* **YOUR TASK**
Give every line below again, exactly as it appears.

(Dataset entries)

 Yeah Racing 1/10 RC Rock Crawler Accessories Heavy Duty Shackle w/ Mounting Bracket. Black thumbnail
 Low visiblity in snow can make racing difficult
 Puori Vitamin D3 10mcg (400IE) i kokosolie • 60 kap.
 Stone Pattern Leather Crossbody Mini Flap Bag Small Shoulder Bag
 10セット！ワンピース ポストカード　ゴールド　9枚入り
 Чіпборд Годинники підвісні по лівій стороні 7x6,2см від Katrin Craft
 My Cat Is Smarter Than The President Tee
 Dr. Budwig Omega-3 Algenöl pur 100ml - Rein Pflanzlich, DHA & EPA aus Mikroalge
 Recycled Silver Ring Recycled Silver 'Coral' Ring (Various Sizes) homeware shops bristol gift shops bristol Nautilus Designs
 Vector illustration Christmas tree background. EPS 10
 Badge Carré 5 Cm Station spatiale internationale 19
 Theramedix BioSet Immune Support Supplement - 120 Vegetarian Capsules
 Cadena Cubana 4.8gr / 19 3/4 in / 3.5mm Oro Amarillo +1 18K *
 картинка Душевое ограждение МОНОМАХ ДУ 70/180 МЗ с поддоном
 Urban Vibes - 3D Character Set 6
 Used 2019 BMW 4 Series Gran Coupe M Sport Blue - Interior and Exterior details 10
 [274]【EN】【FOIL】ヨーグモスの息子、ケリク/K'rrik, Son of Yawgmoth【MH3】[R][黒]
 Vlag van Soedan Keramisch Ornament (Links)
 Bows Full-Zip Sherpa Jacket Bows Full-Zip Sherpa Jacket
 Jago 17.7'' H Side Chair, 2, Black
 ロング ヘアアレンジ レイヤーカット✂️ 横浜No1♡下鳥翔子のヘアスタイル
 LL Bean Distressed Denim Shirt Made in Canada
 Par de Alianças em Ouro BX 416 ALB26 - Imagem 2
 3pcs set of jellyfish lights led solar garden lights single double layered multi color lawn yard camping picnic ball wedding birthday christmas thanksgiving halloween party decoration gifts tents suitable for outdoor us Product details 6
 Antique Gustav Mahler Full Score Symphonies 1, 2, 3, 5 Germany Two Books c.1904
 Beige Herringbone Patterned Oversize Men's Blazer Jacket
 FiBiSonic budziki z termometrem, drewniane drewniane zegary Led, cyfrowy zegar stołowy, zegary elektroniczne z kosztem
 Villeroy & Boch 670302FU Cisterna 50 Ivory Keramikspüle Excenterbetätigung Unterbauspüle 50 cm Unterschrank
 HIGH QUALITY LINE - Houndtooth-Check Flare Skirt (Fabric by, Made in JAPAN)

* **SOLUTION BELOW**
 Yeah Racing 1/10 RC Rock Crawler Accessories Heavy Duty Shackle w/ Mounting Bracket. Black thumbnail
 Low visiblity in snow can make racing difficult
 Puori Vitamin D3 10mcg (400IE) i kokosolie • 60 kap.
 Stone Pattern Leather Crossbody Mini Flap Bag Small Shoulder Bag
 10セット！ワンピース ポストカード　ゴールド　9枚入り
 Чіпборд Годинники підвісні по лівій стороні 7x6,2см від Katrin Craft
 My Cat Is Smarter Than The President Tee
 Dr. Budwig Omega-3 Algenöl pur 100ml - Rein Pflanzlich, DHA & EPA aus Mikroalge
 Recycled Silver Ring Recycled Silver 'Coral' Ring (Various Sizes) homeware shops bristol gift shops bristol Nautilus Designs
 Vector illustration Christmas tree background. EPS 10
 Badge Carré 5 Cm Station spatiale internationale 19
 Theramedix BioSet Immune Support Supplement - 120 Vegetarian Capsules
 Cadena Cubana 4.8gr / 19 3/4 in / 3.5mm Oro Amarillo +1 18K *
 картинка Душевое ограждение МОНОМАХ ДУ 70/180 МЗ с поддоном
 Urban Vibes - 3D Character Set 6
 Used 2019 BMW 4 Series Gran Coupe M Sport Blue - Interior and Exterior details 10
 [274]【EN】【FOIL】ヨーグモスの息子、ケリク/K'rrik, Son of Yawgmoth【MH3】[R][黒]
 Vlag van Soedan Keramisch Ornament (Links)
 Bows Full-Zip Sherpa Jacket Bows Full-Zip Sherpa Jacket
 Jago 17.7'' H Side Chair, 2, Black
 ロング ヘアアレンジ レイヤーカット✂️ 横浜No1♡下鳥翔子のヘアスタイル
 LL Bean Distressed Denim Shirt Made in Canada
 Par de Alianças em Ouro BX 416 ALB26 - Imagem 2
 3pcs set of jellyfish lights led solar garden lights single double layered multi color lawn yard camping picnic ball wedding birthday christmas thanksgiving halloween party decoration gifts tents suitable for outdoor us Product details 6
 Antique Gustav Mahler Full Score Symphonies 1, 2, 3, 5 Germany Two Books c.1904
 Beige Herringbone Patterned Oversize Men's Blazer Jacket
 FiBiSonic budziki z termometrem, drewniane drewniane zegary Led, cyfrowy zegar stołowy, zegary elektroniczne z kosztem
 Villeroy & Boch 670302FU Cisterna 50 Ivory Keramikspüle Excenterbetätigung Unterbauspüle 50 cm Unterschrank
 HIGH QUALITY LINE - Houndtooth-Check Flare Skirt (Fabric by, Made in JAPAN)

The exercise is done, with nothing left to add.